I will keep updating this post with new issues that worth the tale so I hope not a lot… If you encountered some of them or have information/ideas/theories please share in the comments!
Issue #1: A taste of apocalypse
The first issue I encountered was really bad. Whenever the connection servers would lose connectivity to vCenter, even for a short amount of time, everything would go awol. Errors all over the place, no provisioning, a real battlefield with body parts everywhere. Proper messy. The only way to fix it was to shut down everything in the right order and power it back on. Not “ideal” in production… VMware later provided us with a hotfix and it’s been ok since then. Fingers crossed.
Issue #2: Pickaboo
Then we ran into hardware problems with customized VSAN ready nodes where they would just disconnect from vCenter causing a bunch of problems. What happens is that somehow the local ESXi boot disk goes missing (hence the pickaboo). This event would cause ESXi to try to bring the disk back online over and over again, eventually using up all the allocated memory causing hostd and vpxa to crash dramatically. At least that’s my best theory that the VMware support confirmed with a (not convincing at all) “It makes sense”.
Funnily enough VSAN would still work fine and the VMs on it too so there’s that… ESXi could still run as it’s loaded in RAM but no logs persist as they are store on local disk.

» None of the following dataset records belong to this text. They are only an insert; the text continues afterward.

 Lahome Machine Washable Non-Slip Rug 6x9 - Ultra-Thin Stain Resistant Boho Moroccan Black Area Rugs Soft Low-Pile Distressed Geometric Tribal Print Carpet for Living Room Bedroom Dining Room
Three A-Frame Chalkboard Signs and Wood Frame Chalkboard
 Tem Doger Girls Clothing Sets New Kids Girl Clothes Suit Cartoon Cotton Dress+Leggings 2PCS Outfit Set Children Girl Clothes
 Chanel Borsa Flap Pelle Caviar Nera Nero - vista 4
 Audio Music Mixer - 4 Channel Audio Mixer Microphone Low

The only way to troubleshoot was the real time vmkernel log in the DCUI (alt+F12). After reviewing the logs I found a lot of records pointing the finger at the storage controller of the 2 dedicated boot disks. (This controller is the “customized” bit of the ready node - certified by the vendor - or is it?)

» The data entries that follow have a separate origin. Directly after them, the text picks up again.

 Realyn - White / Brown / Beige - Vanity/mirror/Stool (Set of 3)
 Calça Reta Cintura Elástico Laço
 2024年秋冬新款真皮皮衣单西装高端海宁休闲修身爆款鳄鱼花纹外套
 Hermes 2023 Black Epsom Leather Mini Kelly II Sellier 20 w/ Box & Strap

VMware confirmed and recommended to upgrade the firmware driver of this controller to the latest version which I did. The issue hasn’t come back yet but it’s not been long so I’m not putting my money on it - This is a case of wait and see.
Issue #3: Because why not
This third riot is rather fresh. I was happily updating the VMtools and compatibility of the connection server VMs in the second pod after our 6.5 migration. One by one. Every time I wait for it to come back to green in the admin console and I move on to the next one. I was laughing.

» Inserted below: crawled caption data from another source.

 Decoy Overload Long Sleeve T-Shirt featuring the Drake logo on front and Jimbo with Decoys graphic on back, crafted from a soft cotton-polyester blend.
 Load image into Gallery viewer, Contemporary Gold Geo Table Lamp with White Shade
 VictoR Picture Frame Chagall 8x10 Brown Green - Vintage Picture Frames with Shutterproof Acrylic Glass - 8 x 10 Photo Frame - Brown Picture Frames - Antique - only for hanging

Then I moved to the other pod. Same process, everything goes smoothly. There’s only one that I don’t upgrade as there’s a bunch of users connected in tunneling mode, no biggy. Thought to myself “Cool almost done” but then the “Problem vCenter VMs” count started incrementing along with error events but all components were green… oh oh. VMs provisioned would go in “Provisioning error” and VM deletion in “Error (missing)”. Both suggesting an authentication problem, weird. I even got some of them in “Error” with a magnificent error message ‘java.lang.IllegalArgumentException: cachedVM == null’. Thanks, so what am I supposed to do with that exactly? I never found it on google, only a few hits that resembled it that suggested Invalid object in the ADAM database. I looked at it but couldn’t find any oddity (although I didn’t know what I was after so…). I checked the replication with repadmin which showed that everything was OK.
Luckily the second pod was fine so there was no doomsday kind of emergency but I didn’t sleep well. This time we managed to bring everything back online by shutting down all the connection servers in the pod one by one, and then powering them back on. It is still a mystery to me why things got bad and why the “let’s call it a reset” of the connection servers fixed it… I opened a case with VMware and will keep this post updated if/when new relevant information comes in.